Frigga swallowed. His tone was so matter-of-fact, as if he could easily see how such a child could be used to the benefit of Asgard. Raised to be loyal to Asgard alone, and to the All-father.

Raised by his own true mother.

"It would be a good to have a son who might one day rule Jotunheim for us," she said, keeping her tone perfectly level.

"That has been in my mind since I took him. If he is worthy, he shall never know what he is. Not until he is old enough to understand."

"You are merciful, husband."

"I am practical. But I did admire his determination to survive."

As all Asgardians did. Strength, endurance, courage … these things were traits most highly respected by Odin's people.

And already this babe had displayed all three.

"Give him to me," she said, holding out her arms.

Odin passed the infant over willingly enough, as if he was glad to be rid of the tiny burden. Frigga did everything possible not to break down and weep. The babe's skin seemed so cold that the chill seeped through her clothing and into her breast. She could already feel the change in herself, her body reacting to his need.

"Thank you," she said. "Thank you for trusting me with this responsibility."

"Who else?" he asked. "What you do in the next few months will determine his fate."

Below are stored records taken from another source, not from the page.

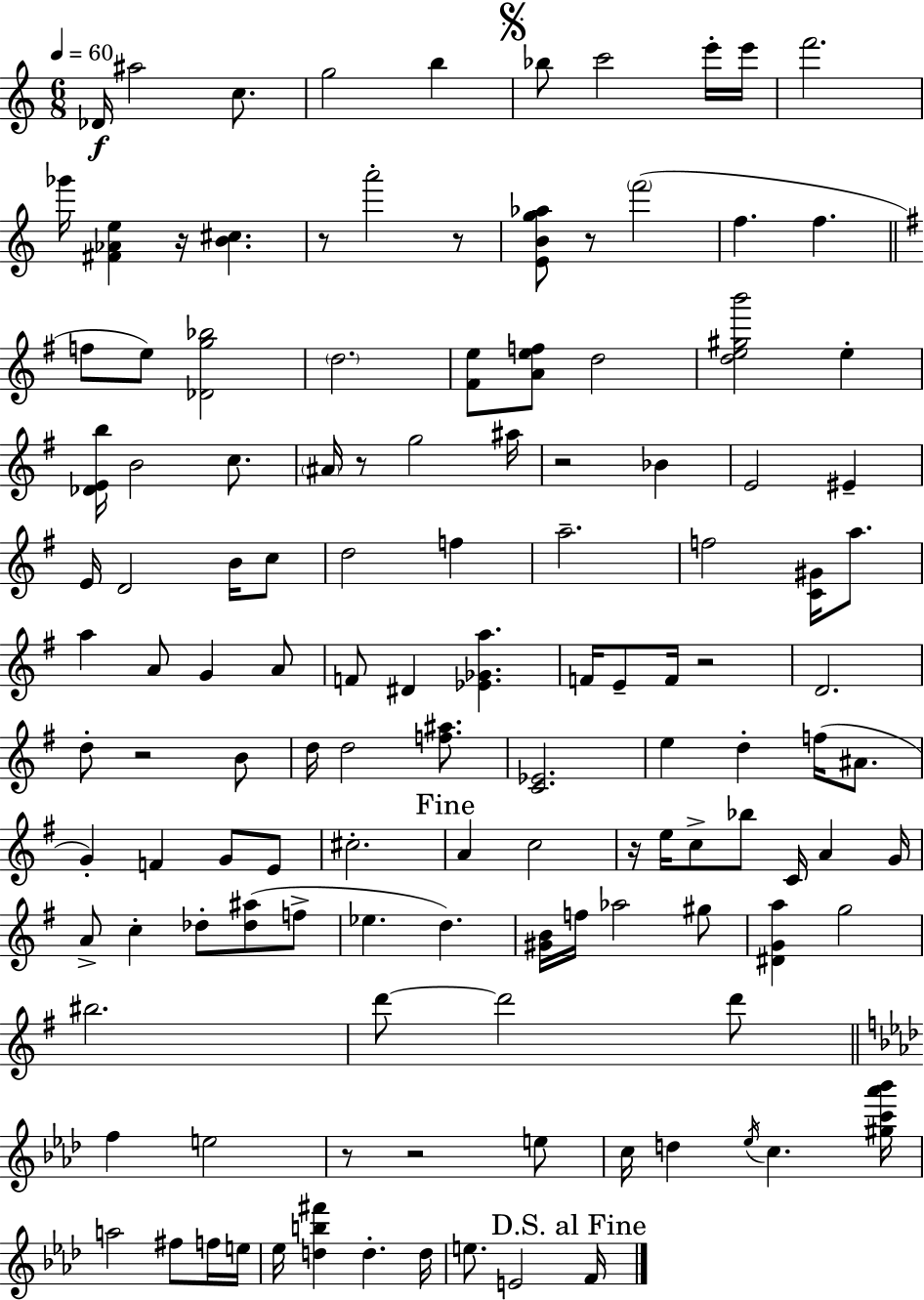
{
  \clef treble
  \numericTimeSignature
  \time 6/8
  \key a \minor
  \tempo 4 = 60
  des'16\f ais''2 c''8. | g''2 b''4 | \mark \markup { \musicglyph "scripts.segno" } bes''8 c'''2 e'''16-. e'''16 | f'''2. | \break ges'''16 <fis' aes' e''>4 r16 <b' cis''>4. | r8 a'''2-. r8 | <e' b' g'' aes''>8 r8 \parenthesize f'''2( | f''4. f''4. | \break \bar "||" \break \key g \major f''8 e''8) <des' g'' bes''>2 | \parenthesize d''2. | <fis' e''>8 <a' e'' f''>8 d''2 | <d'' e'' gis'' b'''>2 e''4-. | \break <des' e' b''>16 b'2 c''8. | \parenthesize ais'16 r8 g''2 ais''16 | r2 bes'4 | e'2 eis'4-- | \break e'16 d'2 b'16 c''8 | d''2 f''4 | a''2.-- | f''2 <c' gis'>16 a''8. | \break a''4 a'8 g'4 a'8 | f'8 dis'4 <ees' ges' a''>4. | f'16 e'8-- f'16 r2 | d'2. | \break d''8-. r2 b'8 | d''16 d''2 <f'' ais''>8. | <c' ees'>2. | e''4 d''4-. f''16( ais'8. | \break g'4-.) f'4 g'8 e'8 | cis''2.-. | \mark "Fine" a'4 c''2 | r16 e''16 c''8-> bes''8 c'16 a'4 g'16 | \break a'8-> c''4-. des''8-. <des'' ais''>8( f''8-> | ees''4. d''4.) | <gis' b'>16 f''16 aes''2 gis''8 | <dis' g' a''>4 g''2 | \break bis''2. | d'''8~~ d'''2 d'''8 | \bar "||" \break \key f \minor f''4 e''2 | r8 r2 e''8 | c''16 d''4 \acciaccatura { ees''16 } c''4. | <gis'' c''' aes''' bes'''>16 a''2 fis''8 f''16 | \break e''16 ees''16 <d'' b'' fis'''>4 d''4.-. | d''16 e''8. e'2 | \mark "D.S. al Fine" f'16 \bar "|."
}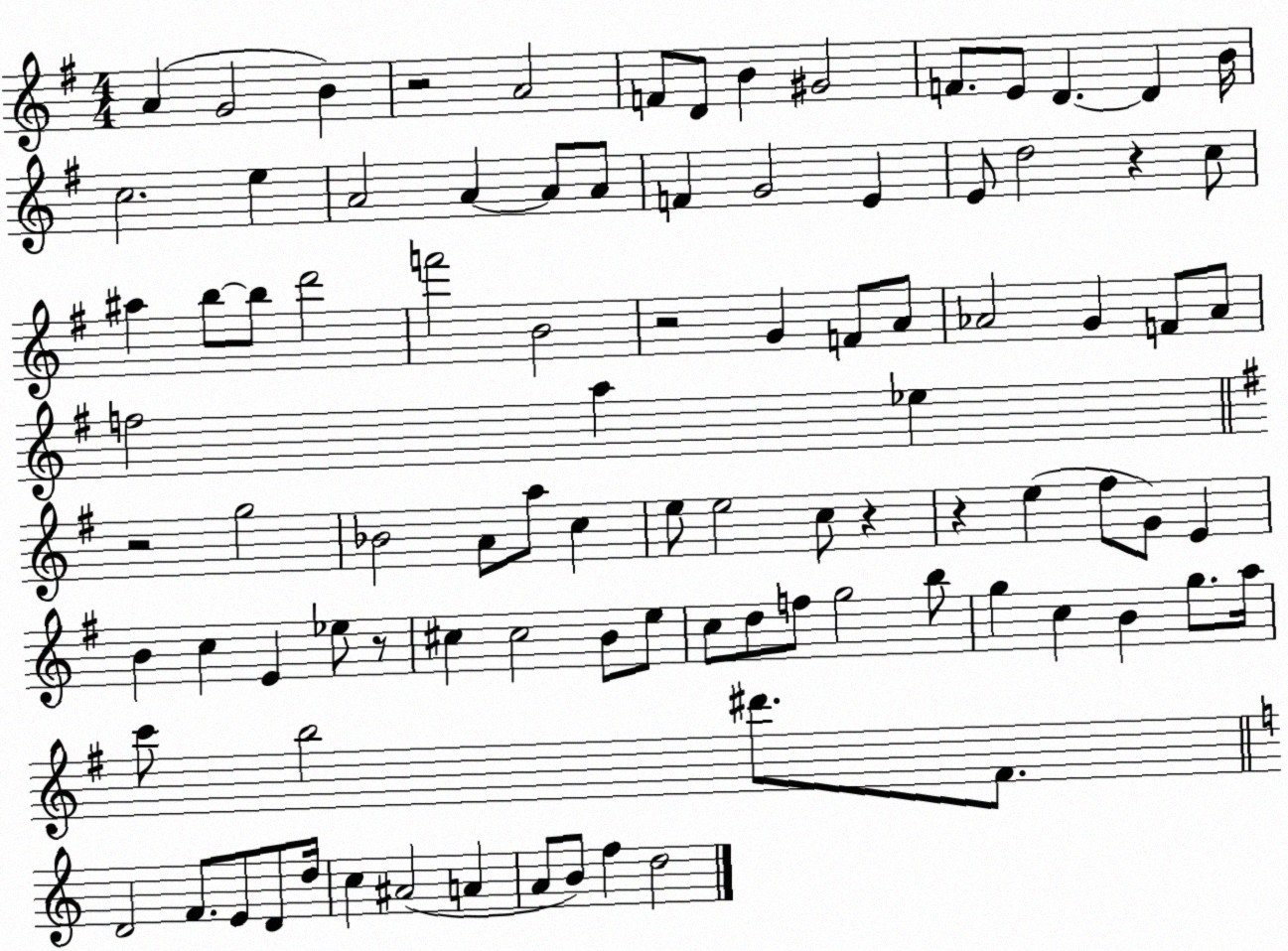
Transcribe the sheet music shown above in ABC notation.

X:1
T:Untitled
M:4/4
L:1/4
K:G
A G2 B z2 A2 F/2 D/2 B ^G2 F/2 E/2 D D B/4 c2 e A2 A A/2 A/2 F G2 E E/2 d2 z c/2 ^a b/2 b/2 d'2 f'2 B2 z2 G F/2 A/2 _A2 G F/2 _A/2 f2 a _e z2 g2 _B2 A/2 a/2 c e/2 e2 c/2 z z e ^f/2 G/2 E B c E _e/2 z/2 ^c ^c2 B/2 e/2 c/2 d/2 f/2 g2 b/2 g c B g/2 a/4 c'/2 b2 ^d'/2 ^F/2 D2 F/2 E/2 D/2 d/4 c ^A2 A A/2 B/2 f d2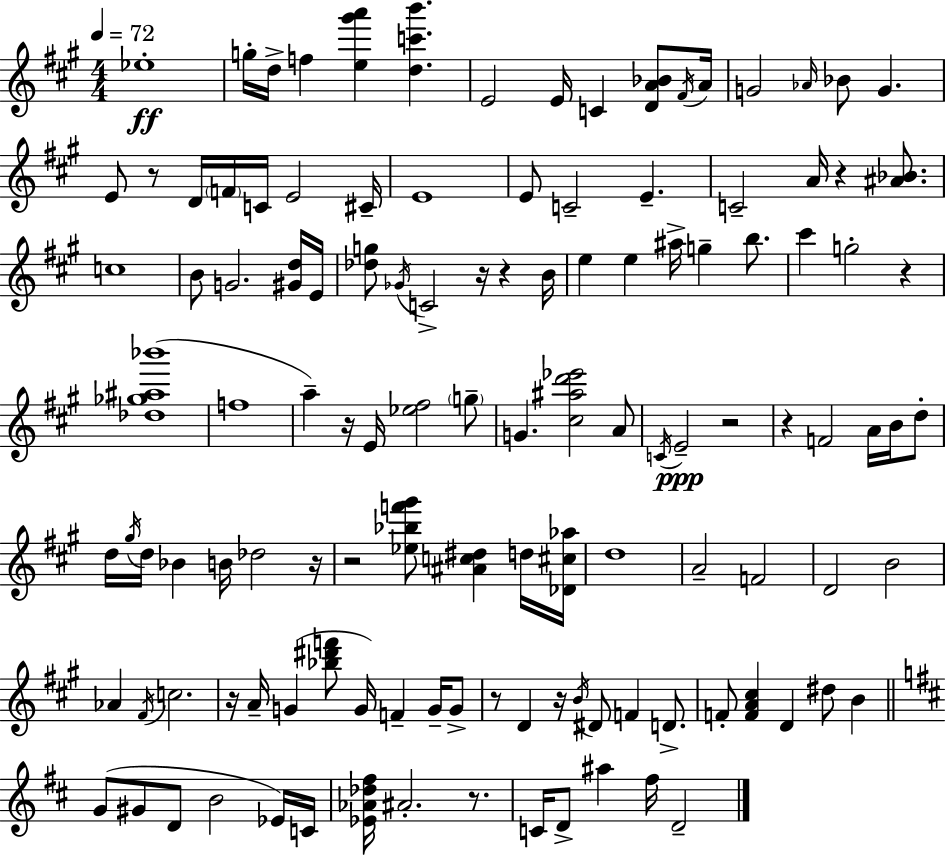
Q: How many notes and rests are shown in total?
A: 122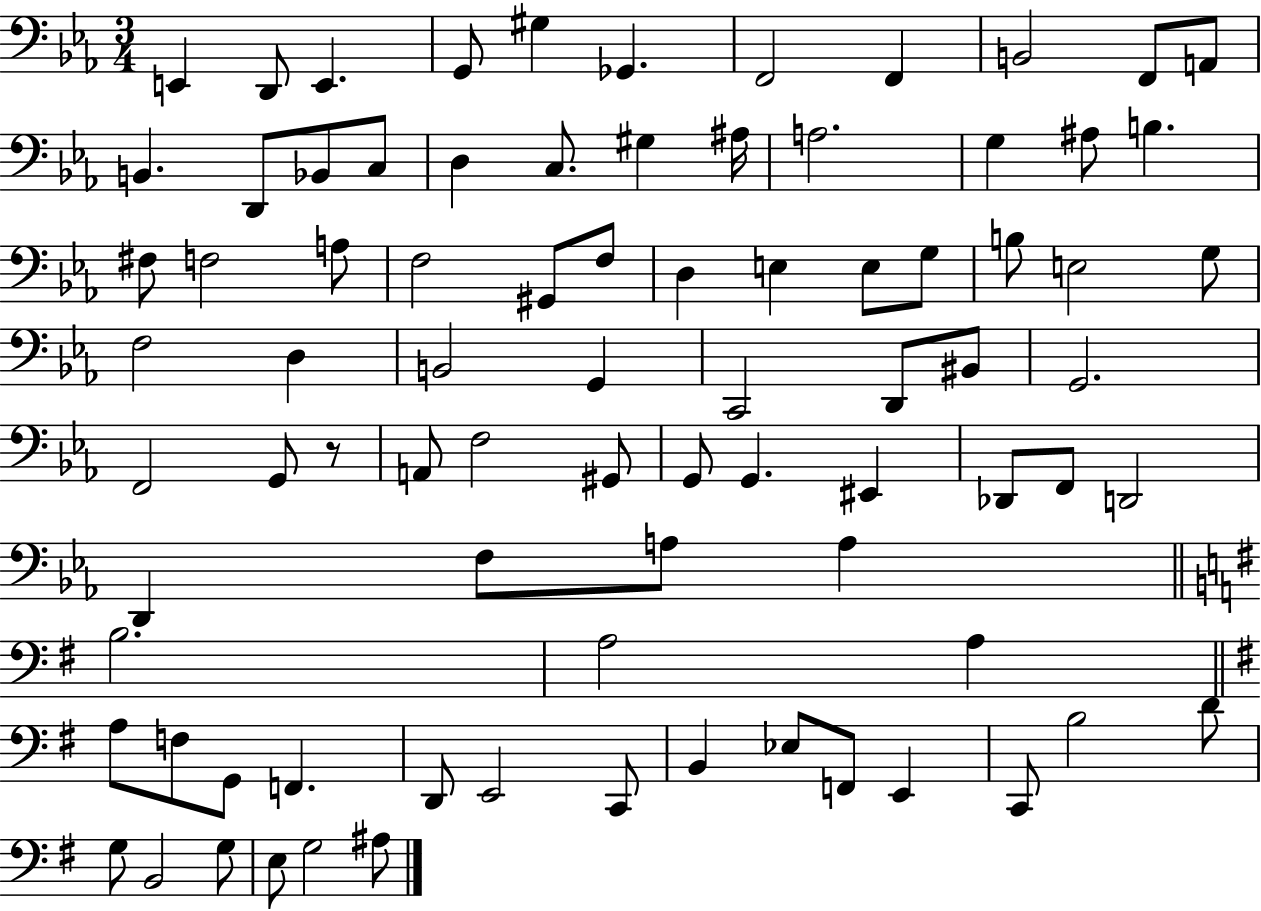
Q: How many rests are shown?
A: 1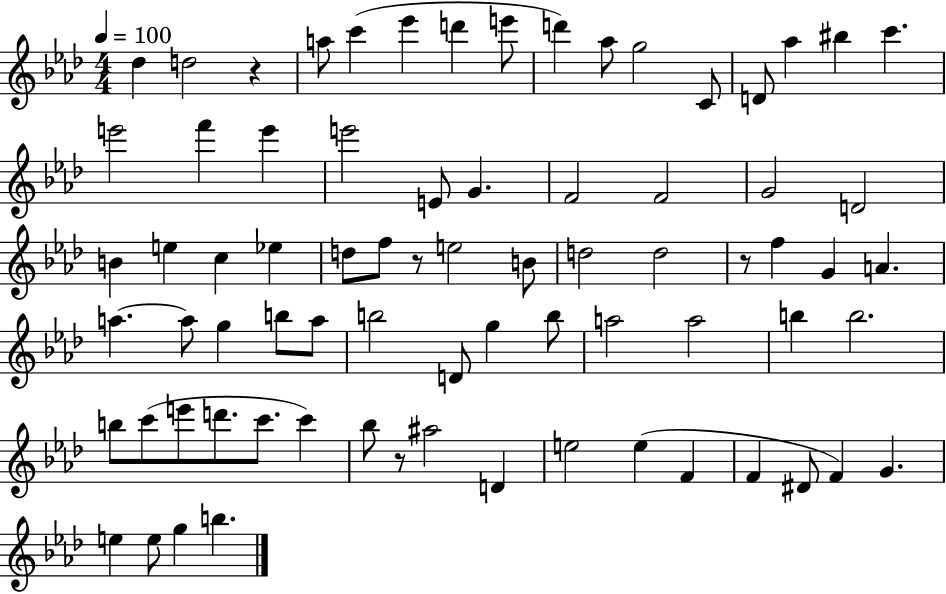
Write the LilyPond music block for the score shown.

{
  \clef treble
  \numericTimeSignature
  \time 4/4
  \key aes \major
  \tempo 4 = 100
  des''4 d''2 r4 | a''8 c'''4( ees'''4 d'''4 e'''8 | d'''4) aes''8 g''2 c'8 | d'8 aes''4 bis''4 c'''4. | \break e'''2 f'''4 e'''4 | e'''2 e'8 g'4. | f'2 f'2 | g'2 d'2 | \break b'4 e''4 c''4 ees''4 | d''8 f''8 r8 e''2 b'8 | d''2 d''2 | r8 f''4 g'4 a'4. | \break a''4.~~ a''8 g''4 b''8 a''8 | b''2 d'8 g''4 b''8 | a''2 a''2 | b''4 b''2. | \break b''8 c'''8( e'''8 d'''8. c'''8. c'''4) | bes''8 r8 ais''2 d'4 | e''2 e''4( f'4 | f'4 dis'8 f'4) g'4. | \break e''4 e''8 g''4 b''4. | \bar "|."
}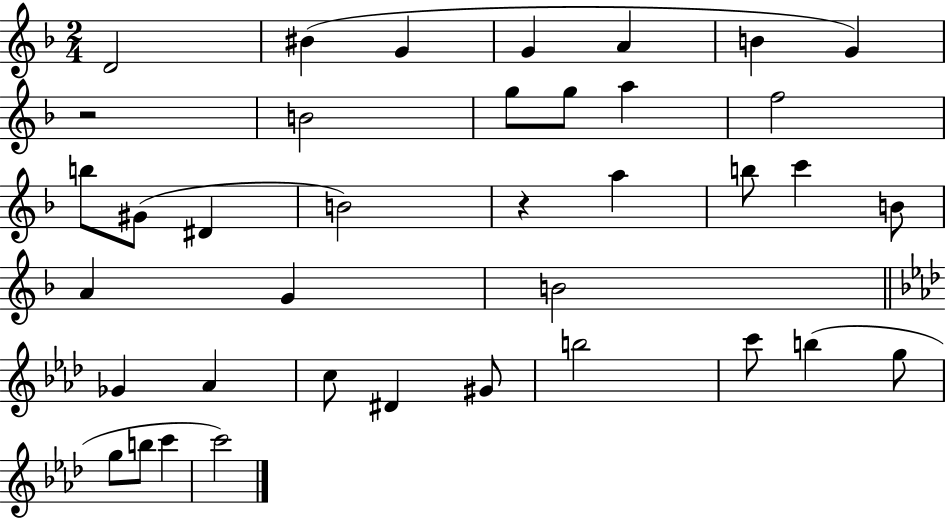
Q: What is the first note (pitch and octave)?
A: D4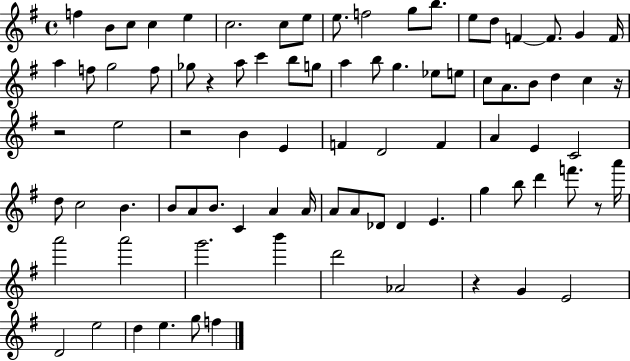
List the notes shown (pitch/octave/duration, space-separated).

F5/q B4/e C5/e C5/q E5/q C5/h. C5/e E5/e E5/e. F5/h G5/e B5/e. E5/e D5/e F4/q F4/e. G4/q F4/s A5/q F5/e G5/h F5/e Gb5/e R/q A5/e C6/q B5/e G5/e A5/q B5/e G5/q. Eb5/e E5/e C5/e A4/e. B4/e D5/q C5/q R/s R/h E5/h R/h B4/q E4/q F4/q D4/h F4/q A4/q E4/q C4/h D5/e C5/h B4/q. B4/e A4/e B4/e. C4/q A4/q A4/s A4/e A4/e Db4/e Db4/q E4/q. G5/q B5/e D6/q F6/e. R/e A6/s A6/h A6/h G6/h. B6/q D6/h Ab4/h R/q G4/q E4/h D4/h E5/h D5/q E5/q. G5/e F5/q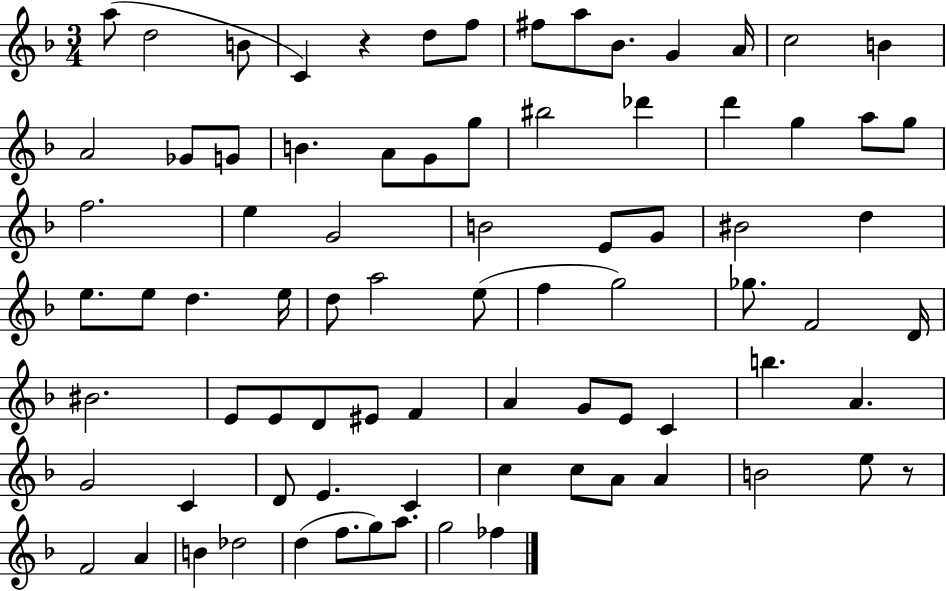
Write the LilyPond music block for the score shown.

{
  \clef treble
  \numericTimeSignature
  \time 3/4
  \key f \major
  a''8( d''2 b'8 | c'4) r4 d''8 f''8 | fis''8 a''8 bes'8. g'4 a'16 | c''2 b'4 | \break a'2 ges'8 g'8 | b'4. a'8 g'8 g''8 | bis''2 des'''4 | d'''4 g''4 a''8 g''8 | \break f''2. | e''4 g'2 | b'2 e'8 g'8 | bis'2 d''4 | \break e''8. e''8 d''4. e''16 | d''8 a''2 e''8( | f''4 g''2) | ges''8. f'2 d'16 | \break bis'2. | e'8 e'8 d'8 eis'8 f'4 | a'4 g'8 e'8 c'4 | b''4. a'4. | \break g'2 c'4 | d'8 e'4. c'4 | c''4 c''8 a'8 a'4 | b'2 e''8 r8 | \break f'2 a'4 | b'4 des''2 | d''4( f''8. g''8) a''8. | g''2 fes''4 | \break \bar "|."
}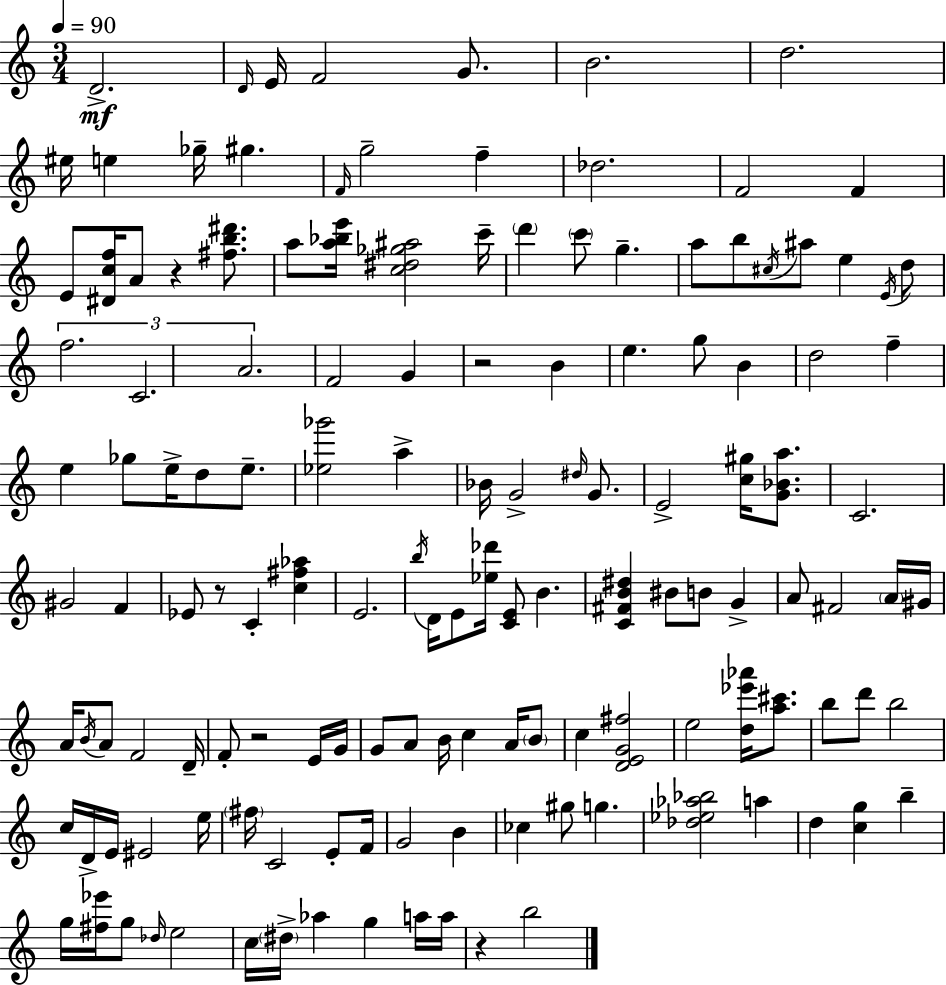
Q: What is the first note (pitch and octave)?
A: D4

"Surely … surely you would not—"

"I would not have saved him had I intended to kill him." He sighed. "I am weary," he said, his deep voice faltering. "I will see the healers, and then return to see how you fare with the boy." He kissed her cheek. "Until tonight."

Frigga bowed her head in respect and watched him leave, his body bent with pain and exhaustion. She didn't move until he had departed her chamber and his escort had fallen in around him. Then she looked down.

The babe gazed into her eyes as if he could see her as well as an older child. His own eyes were blue, like those of any infant, but there was a hint of green in them. He lifted one delicate hand to pat her face.

He knew _her_, too.

She lifted him close to her face so that her cheek touched his. "My son," she whispered. "I thought never to see you again."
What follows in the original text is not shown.